Visually, most of the characters are different from their comic book counterparts. Baymax looks nothing like he does in the comics, but the overall departure from the original design was a great idea. Each character has a vivid personality and is distinct from the others. From main to supporting characters, I found all of the designs to be fun and fitting to the overall style.
The action sequences were fast-paced, exciting, and fun, thanks to all the futuristic tech. As an adult, it was fully enjoyable; I didn’t feel like the action was toned down for kids.
In the movie, Hiro is faced with many trials, and because of that, Hiro is changed. First, he folds in on himself, but once the opportunity for vengeance appears, he begins to use his anger to make himself feel better. As Christians, we are not promised an easy life, in fact the Bible says to expect many trials ahead of us, but the Bible also gives us some reassurance. I Peter 1:6-7 “In all this you greatly rejoice, though now for a little while you may have had to suffer grief in all kinds of trials. These have come so that the proven genuineness of your faith—of greater worth than gold, which perishes even though refined by fire—may result in praise, glory and honor when Jesus Christ is revealed.”

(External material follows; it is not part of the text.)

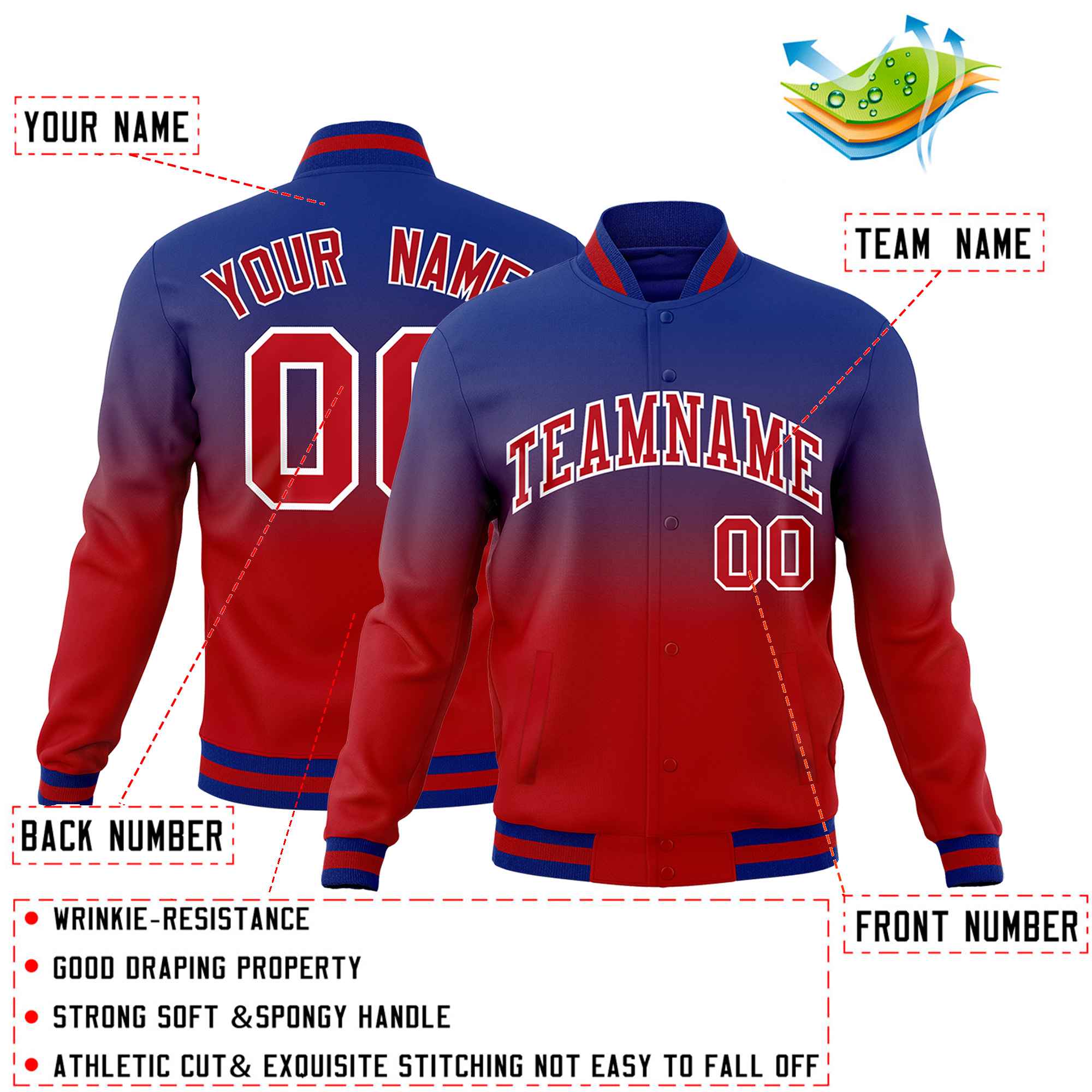 Custom Royal Red Full-Snap Varsity Personalization Gradient Fashion Letterman Jacket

Though we’ll definitely experience tough seasons of life, we know that trials and grief are not purposeless. Now, knowing this doesn’t necessarily make accepting these trials any easier. A death of a loved one is still incredibly difficult. That’s why it’s important to rely on God as our comforter. 2 Corinthians 1:3-4 “Praise be to the God and Father of our Lord Jesus Christ, the Father of compassion and the God of all comfort, who comforts us in all our troubles, so that we can comfort those in any trouble with the comfort we ourselves receive from God.” There’s two parts of this passage that are really cool. First, God is our ultimate comforter. Many of the Psalms talk about God being our refuge. He is faithful, and He is there for us to rely on. Secondly, comfort happens within good community. We are comforted so we can comfort others. In Big Hero 6 Hiro starts to rely on his team instead of seeking solace through revenge. What a cool blessing it is to be able to live in community, and to help each other when we need it!

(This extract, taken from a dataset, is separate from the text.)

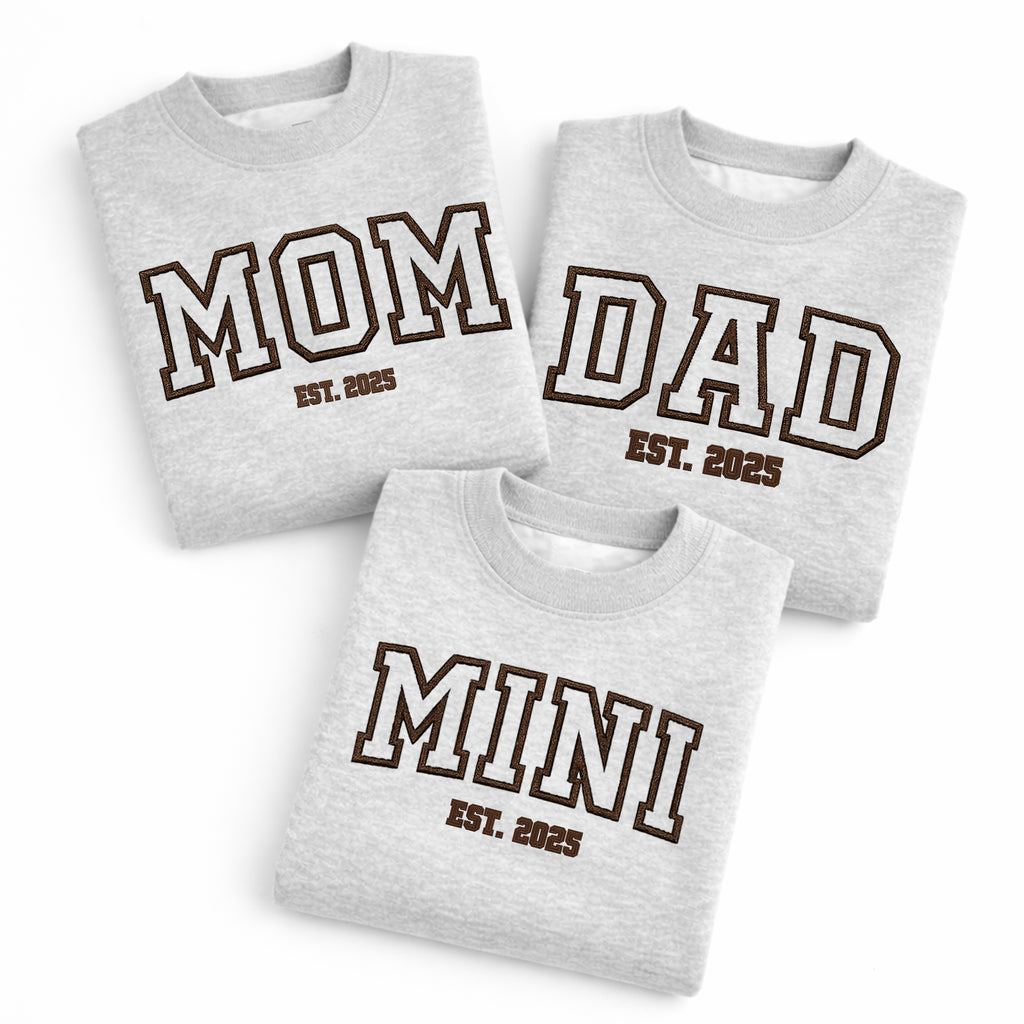 Mom Dad Mini Embroidered Shirts – Matching Family Set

Big Hero 6 is one of my favorite movies to have come out in years. In fact, it’s definitely one of my top animated movies of all time. I bet we can all look forward to its sequel since Big Hero 6 was number one its opening weekend, surpassing Christopher Nolan’s Interstellar. No matter your age or interests, you’ll find something to laugh about with Big Hero 6. If you have even the tiniest bit of a heart, I have no doubt that you’ll feel for Hiro and his friends. This wasn’t a perfect film, but it’s got a big heart.

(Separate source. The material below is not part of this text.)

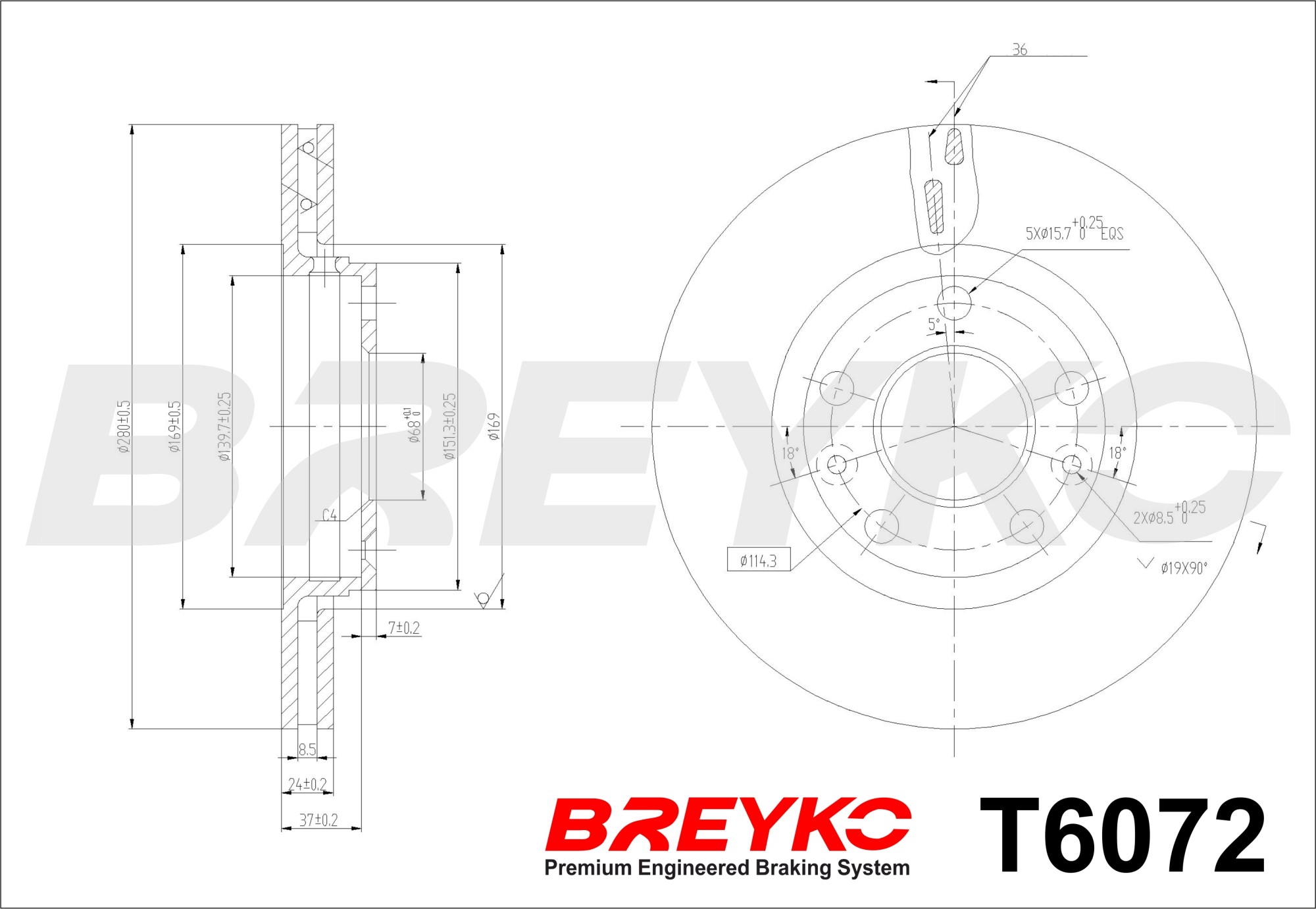 DAVID VASCO T6072 BREYKO Brake Disc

Did you see Big Hero 6? On a scale of one to ten, how would you rate
your pain this movie?
+ Hilarious + Fun characters and designs with great animation + Encourages interest in STEM fields + Lots of good talking points for parents and kids + Best fist bump in any form of media
- Many characters with basic development leaves you wanting more - Death and grieving themes may be tough for kids
The Bottom Line
With its bright designs, hilarious overtones, and occasionally poignant moments, Big Hero 6 is a superhero team origin story with enough action, laughs, and heart to be enjoyed by all.